WORK TASK>
Repeat the listing exactly. Any picture in it should be left out of the copy.

DATA UNDER STUDY>
===

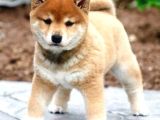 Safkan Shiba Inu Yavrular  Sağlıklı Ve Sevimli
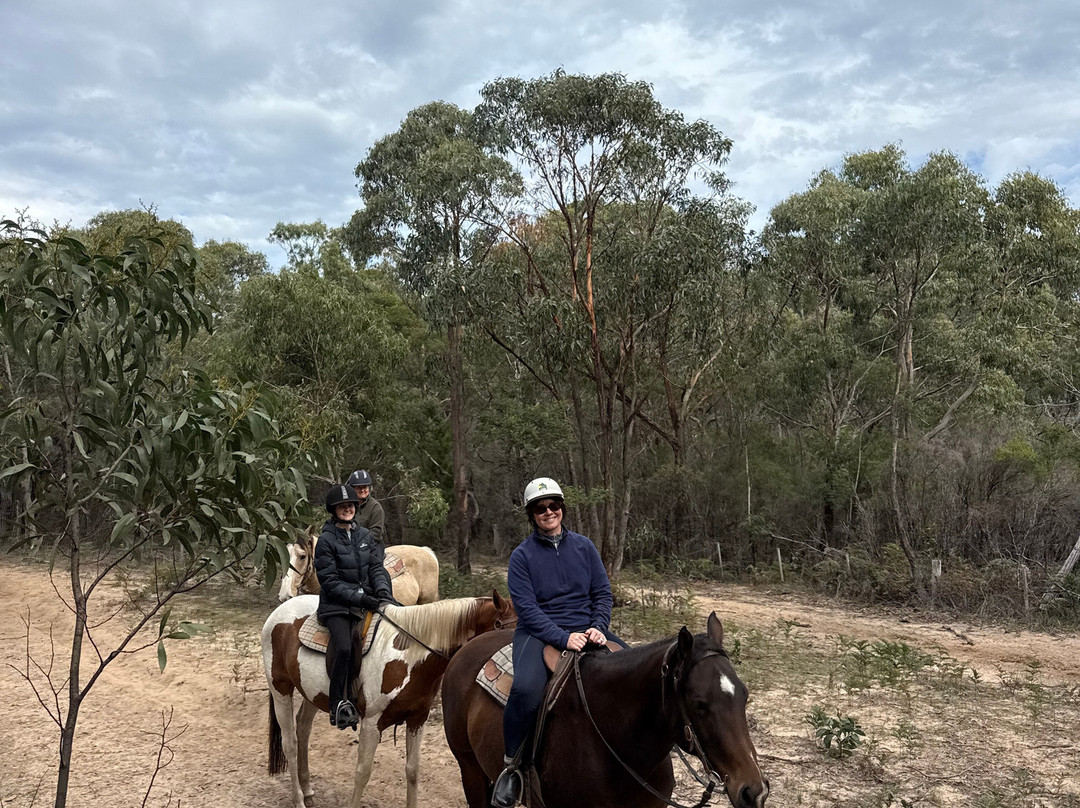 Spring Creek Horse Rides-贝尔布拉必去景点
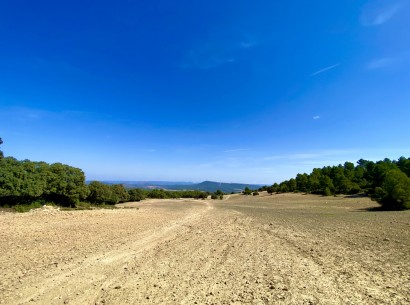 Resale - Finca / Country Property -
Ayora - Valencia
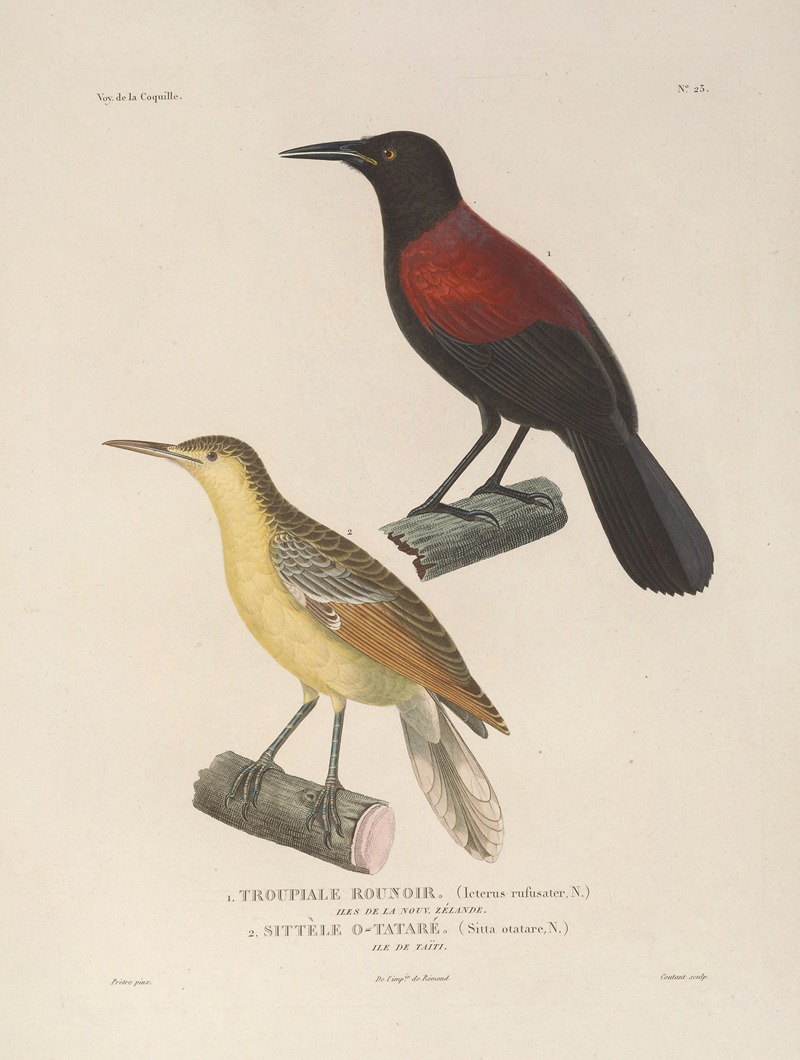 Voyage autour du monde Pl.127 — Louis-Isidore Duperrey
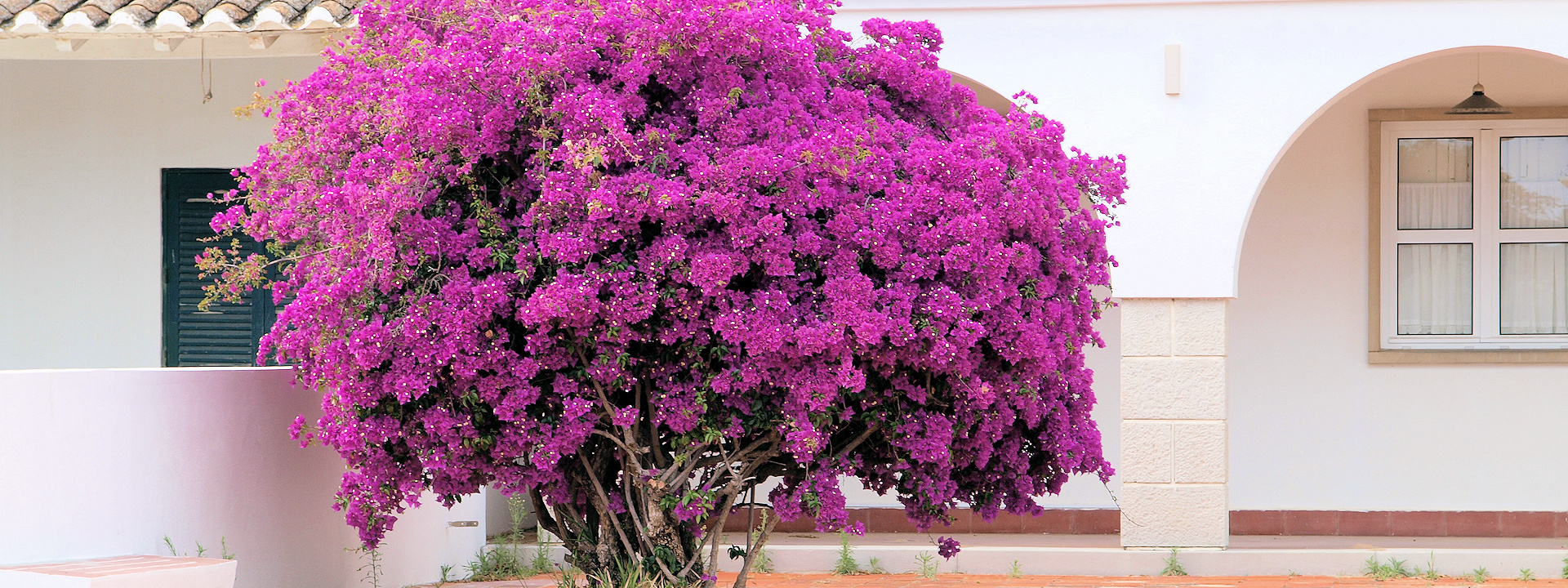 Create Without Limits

===

SOLUTION TO THIS TASK>
 Safkan Shiba Inu Yavrular  Sağlıklı Ve Sevimli
 Spring Creek Horse Rides-贝尔布拉必去景点
 Resale - Finca / Country Property -
Ayora - Valencia
 Voyage autour du monde Pl.127 — Louis-Isidore Duperrey
 Create Without Limits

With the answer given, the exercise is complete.